• What is being asked:
Every record below needs to be printed again exactly.

Data shown below:

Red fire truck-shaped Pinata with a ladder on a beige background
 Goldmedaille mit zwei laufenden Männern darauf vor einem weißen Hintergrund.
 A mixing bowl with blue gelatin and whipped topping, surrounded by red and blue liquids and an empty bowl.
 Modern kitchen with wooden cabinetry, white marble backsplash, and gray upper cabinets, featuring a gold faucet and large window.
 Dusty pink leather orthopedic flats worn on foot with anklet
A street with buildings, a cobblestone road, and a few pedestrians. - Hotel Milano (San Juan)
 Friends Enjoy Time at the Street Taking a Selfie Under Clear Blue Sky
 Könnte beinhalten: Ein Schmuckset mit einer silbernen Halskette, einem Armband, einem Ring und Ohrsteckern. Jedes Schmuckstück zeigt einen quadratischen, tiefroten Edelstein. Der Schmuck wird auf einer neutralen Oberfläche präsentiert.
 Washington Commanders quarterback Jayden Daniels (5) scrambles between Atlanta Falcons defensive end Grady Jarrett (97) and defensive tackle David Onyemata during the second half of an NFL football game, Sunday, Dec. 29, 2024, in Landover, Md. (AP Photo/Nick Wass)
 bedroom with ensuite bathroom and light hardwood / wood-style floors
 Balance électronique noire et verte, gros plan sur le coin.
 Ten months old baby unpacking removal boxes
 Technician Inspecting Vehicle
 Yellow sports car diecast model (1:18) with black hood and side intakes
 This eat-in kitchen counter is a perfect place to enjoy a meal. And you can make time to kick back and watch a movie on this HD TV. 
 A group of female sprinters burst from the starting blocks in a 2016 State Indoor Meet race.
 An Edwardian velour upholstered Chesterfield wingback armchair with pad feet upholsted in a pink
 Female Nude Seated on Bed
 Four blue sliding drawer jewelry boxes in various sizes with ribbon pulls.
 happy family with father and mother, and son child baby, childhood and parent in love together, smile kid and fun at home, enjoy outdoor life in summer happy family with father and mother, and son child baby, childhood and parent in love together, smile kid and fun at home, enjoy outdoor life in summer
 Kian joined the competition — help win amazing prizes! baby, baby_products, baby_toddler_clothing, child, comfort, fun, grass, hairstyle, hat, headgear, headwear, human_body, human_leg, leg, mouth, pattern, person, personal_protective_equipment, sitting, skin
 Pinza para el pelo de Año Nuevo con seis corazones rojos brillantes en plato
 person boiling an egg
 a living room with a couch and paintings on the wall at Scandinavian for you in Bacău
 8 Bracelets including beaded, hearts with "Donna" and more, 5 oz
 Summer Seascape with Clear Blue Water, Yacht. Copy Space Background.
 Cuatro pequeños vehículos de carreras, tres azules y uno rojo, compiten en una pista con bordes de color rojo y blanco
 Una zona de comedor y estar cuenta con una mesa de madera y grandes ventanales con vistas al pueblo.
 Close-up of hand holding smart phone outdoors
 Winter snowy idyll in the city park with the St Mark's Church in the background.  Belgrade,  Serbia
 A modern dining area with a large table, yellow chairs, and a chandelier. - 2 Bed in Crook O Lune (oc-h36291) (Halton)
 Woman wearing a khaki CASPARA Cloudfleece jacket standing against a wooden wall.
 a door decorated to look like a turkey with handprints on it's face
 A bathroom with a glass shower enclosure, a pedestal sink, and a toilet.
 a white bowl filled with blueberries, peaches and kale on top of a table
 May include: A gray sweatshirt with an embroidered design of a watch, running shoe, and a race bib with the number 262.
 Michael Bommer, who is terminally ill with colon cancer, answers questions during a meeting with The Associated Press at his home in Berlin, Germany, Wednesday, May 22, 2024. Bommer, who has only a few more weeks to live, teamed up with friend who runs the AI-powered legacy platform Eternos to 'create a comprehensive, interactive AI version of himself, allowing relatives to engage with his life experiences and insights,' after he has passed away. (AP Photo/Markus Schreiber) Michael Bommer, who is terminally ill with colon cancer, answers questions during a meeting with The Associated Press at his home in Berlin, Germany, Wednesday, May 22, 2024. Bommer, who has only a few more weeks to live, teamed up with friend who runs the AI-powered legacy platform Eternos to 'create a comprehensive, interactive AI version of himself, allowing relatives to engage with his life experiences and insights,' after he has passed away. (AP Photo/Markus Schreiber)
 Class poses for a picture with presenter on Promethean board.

End of Data shown.

• Exercise solution:
Red fire truck-shaped Pinata with a ladder on a beige background
 Goldmedaille mit zwei laufenden Männern darauf vor einem weißen Hintergrund.
 A mixing bowl with blue gelatin and whipped topping, surrounded by red and blue liquids and an empty bowl.
 Modern kitchen with wooden cabinetry, white marble backsplash, and gray upper cabinets, featuring a gold faucet and large window.
 Dusty pink leather orthopedic flats worn on foot with anklet
A street with buildings, a cobblestone road, and a few pedestrians. - Hotel Milano (San Juan)
 Friends Enjoy Time at the Street Taking a Selfie Under Clear Blue Sky
 Könnte beinhalten: Ein Schmuckset mit einer silbernen Halskette, einem Armband, einem Ring und Ohrsteckern. Jedes Schmuckstück zeigt einen quadratischen, tiefroten Edelstein. Der Schmuck wird auf einer neutralen Oberfläche präsentiert.
 Washington Commanders quarterback Jayden Daniels (5) scrambles between Atlanta Falcons defensive end Grady Jarrett (97) and defensive tackle David Onyemata during the second half of an NFL football game, Sunday, Dec. 29, 2024, in Landover, Md. (AP Photo/Nick Wass)
 bedroom with ensuite bathroom and light hardwood / wood-style floors
 Balance électronique noire et verte, gros plan sur le coin.
 Ten months old baby unpacking removal boxes
 Technician Inspecting Vehicle
 Yellow sports car diecast model (1:18) with black hood and side intakes
 This eat-in kitchen counter is a perfect place to enjoy a meal. And you can make time to kick back and watch a movie on this HD TV. 
 A group of female sprinters burst from the starting blocks in a 2016 State Indoor Meet race.
 An Edwardian velour upholstered Chesterfield wingback armchair with pad feet upholsted in a pink
 Female Nude Seated on Bed
 Four blue sliding drawer jewelry boxes in various sizes with ribbon pulls.
 happy family with father and mother, and son child baby, childhood and parent in love together, smile kid and fun at home, enjoy outdoor life in summer happy family with father and mother, and son child baby, childhood and parent in love together, smile kid and fun at home, enjoy outdoor life in summer
 Kian joined the competition — help win amazing prizes! baby, baby_products, baby_toddler_clothing, child, comfort, fun, grass, hairstyle, hat, headgear, headwear, human_body, human_leg, leg, mouth, pattern, person, personal_protective_equipment, sitting, skin
 Pinza para el pelo de Año Nuevo con seis corazones rojos brillantes en plato
 person boiling an egg
 a living room with a couch and paintings on the wall at Scandinavian for you in Bacău
 8 Bracelets including beaded, hearts with "Donna" and more, 5 oz
 Summer Seascape with Clear Blue Water, Yacht. Copy Space Background.
 Cuatro pequeños vehículos de carreras, tres azules y uno rojo, compiten en una pista con bordes de color rojo y blanco
 Una zona de comedor y estar cuenta con una mesa de madera y grandes ventanales con vistas al pueblo.
 Close-up of hand holding smart phone outdoors
 Winter snowy idyll in the city park with the St Mark's Church in the background.  Belgrade,  Serbia
 A modern dining area with a large table, yellow chairs, and a chandelier. - 2 Bed in Crook O Lune (oc-h36291) (Halton)
 Woman wearing a khaki CASPARA Cloudfleece jacket standing against a wooden wall.
 a door decorated to look like a turkey with handprints on it's face
 A bathroom with a glass shower enclosure, a pedestal sink, and a toilet.
 a white bowl filled with blueberries, peaches and kale on top of a table
 May include: A gray sweatshirt with an embroidered design of a watch, running shoe, and a race bib with the number 262.
 Michael Bommer, who is terminally ill with colon cancer, answers questions during a meeting with The Associated Press at his home in Berlin, Germany, Wednesday, May 22, 2024. Bommer, who has only a few more weeks to live, teamed up with friend who runs the AI-powered legacy platform Eternos to 'create a comprehensive, interactive AI version of himself, allowing relatives to engage with his life experiences and insights,' after he has passed away. (AP Photo/Markus Schreiber) Michael Bommer, who is terminally ill with colon cancer, answers questions during a meeting with The Associated Press at his home in Berlin, Germany, Wednesday, May 22, 2024. Bommer, who has only a few more weeks to live, teamed up with friend who runs the AI-powered legacy platform Eternos to 'create a comprehensive, interactive AI version of himself, allowing relatives to engage with his life experiences and insights,' after he has passed away. (AP Photo/Markus Schreiber)
 Class poses for a picture with presenter on Promethean board.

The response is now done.